- Salado, Arkansas Location within Arkansas Salado, Arkansas Location within the United States
- Coordinates: 35°41′43″N 91°35′32″W﻿ / ﻿35.69528°N 91.59222°W
- Country: United States
- State: Arkansas
- County: Independence
- Elevation: 449 ft (137 m)

Population (2020)
- • Total: 472
- Time zone: UTC-6 (Central (CST))
- • Summer (DST): UTC-5 (CDT)
- GNIS feature ID: 2805683

= Salado, Arkansas =

Salado is an unincorporated area and census-designated place (CDP) in Independence County, Arkansas, United States.
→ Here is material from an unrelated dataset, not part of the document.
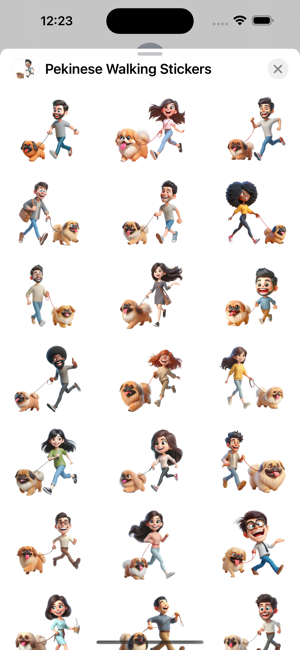 Pekinese Walking StickersiPhone版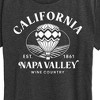 Women's - Instant Message - California Napa Valley Hot Air Balloon Short Sleeve Graphic T-Shirt - 2 of 4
It was first listed as a CDP in the 2020 census with a population of 472.

The Goff Petroglyph Site is located here.

The spur route of Arkansas Highway 14 connects Salado with Southside.

==Demographics==

Historical population
| Census | Pop. | Note | %± |
| 2020 | 472 |  | — |
U.S. Decennial Census 2020

===2020 census===

Salado CDP, Arkansas – Demographic Profile (NH = Non-Hispanic) Note: the US Census treats Hispanic/Latino as an ethnic category. This table excludes Latinos from the racial categories and assigns them to a separate category. Hispanics/Latinos may be of any race.
| Race / Ethnicity | Pop 2020 | % 2020 |
|---|---|---|
| White alone (NH) | 404 | 85.59% |
| Black or African American alone (NH) | 5 | 1.06% |
| Native American or Alaska Native alone (NH) | 1 | 0.21% |
| Asian alone (NH) | 2 | 0.42% |
| Pacific Islander alone (NH) | 0 | 0.00% |
| Some Other Race alone (NH) | 1 | 0.21% |
| Mixed Race/Multi-Racial (NH) | 29 | 6.14% |
| Hispanic or Latino (any race) | 30 | 6.36% |
| Total | 472 | 100.00% |

==Education==
It is in the Southside School District. Southside High School is the sole comprehensive high school of the Southside district.